Ruve menggeleng, ia merapatkan diri pada Elves memeluk lelaki itu erat. Ia menyandarkan kepalanya pada bahu Elves.
"Hangat" katanya, Ruve menyurukkan kepalanya lebih dalam ke curuk leher Elves yang menahan nafas, ia merasakan hembusan dingin menerpa lehernya.
Ia kembali menelan saliva nya, gugup, salah tingkah. Tangan dingin Ruve mengelus punggung lelaki itu, Elves tersentak.

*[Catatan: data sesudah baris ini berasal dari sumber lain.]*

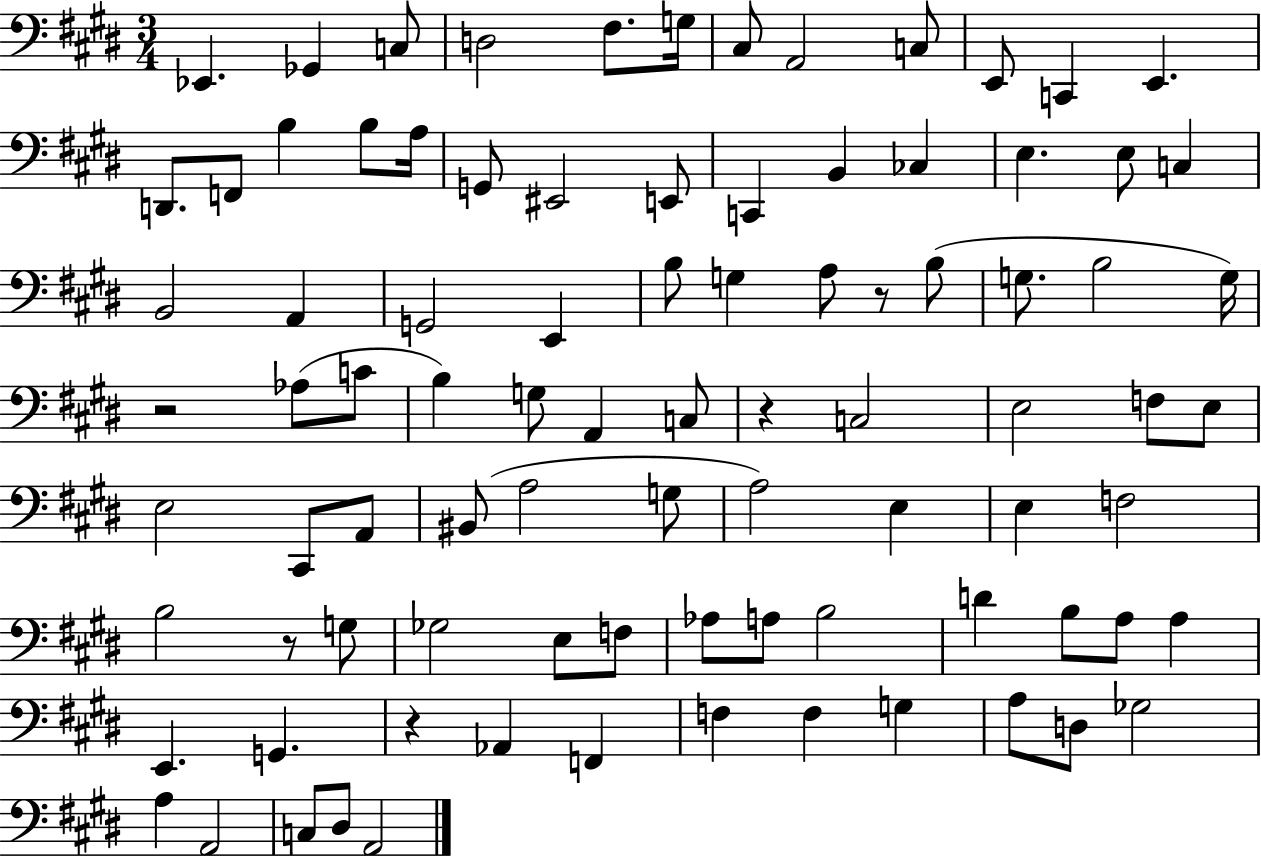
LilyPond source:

{
  \clef bass
  \numericTimeSignature
  \time 3/4
  \key e \major
  ees,4. ges,4 c8 | d2 fis8. g16 | cis8 a,2 c8 | e,8 c,4 e,4. | \break d,8. f,8 b4 b8 a16 | g,8 eis,2 e,8 | c,4 b,4 ces4 | e4. e8 c4 | \break b,2 a,4 | g,2 e,4 | b8 g4 a8 r8 b8( | g8. b2 g16) | \break r2 aes8( c'8 | b4) g8 a,4 c8 | r4 c2 | e2 f8 e8 | \break e2 cis,8 a,8 | bis,8( a2 g8 | a2) e4 | e4 f2 | \break b2 r8 g8 | ges2 e8 f8 | aes8 a8 b2 | d'4 b8 a8 a4 | \break e,4. g,4. | r4 aes,4 f,4 | f4 f4 g4 | a8 d8 ges2 | \break a4 a,2 | c8 dis8 a,2 | \bar "|."
}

Nafasnya tercekat.
Tangannya mengepal keras, Menyalurkan rasa meremang pada tubuhnya. Elves memejamkan matanya. Menarik nafas lalu menghembuskan lewat mulutnya.
"Ruve" Serak.
"Ternyata menyenangkan menjadi kalian" mata Elves terbuka. Ia memegang bahu Ruve dan menjauhkan dari dirinya.
"Siapa kau?!" Suara tinggi Elves. Ia melihat Ruve mengerling nakal padanya. "Hai tampan, kau lupa padaku?" Tangan dingin Ruve mengelus rahang Elves. Yang lelaki itu tepis.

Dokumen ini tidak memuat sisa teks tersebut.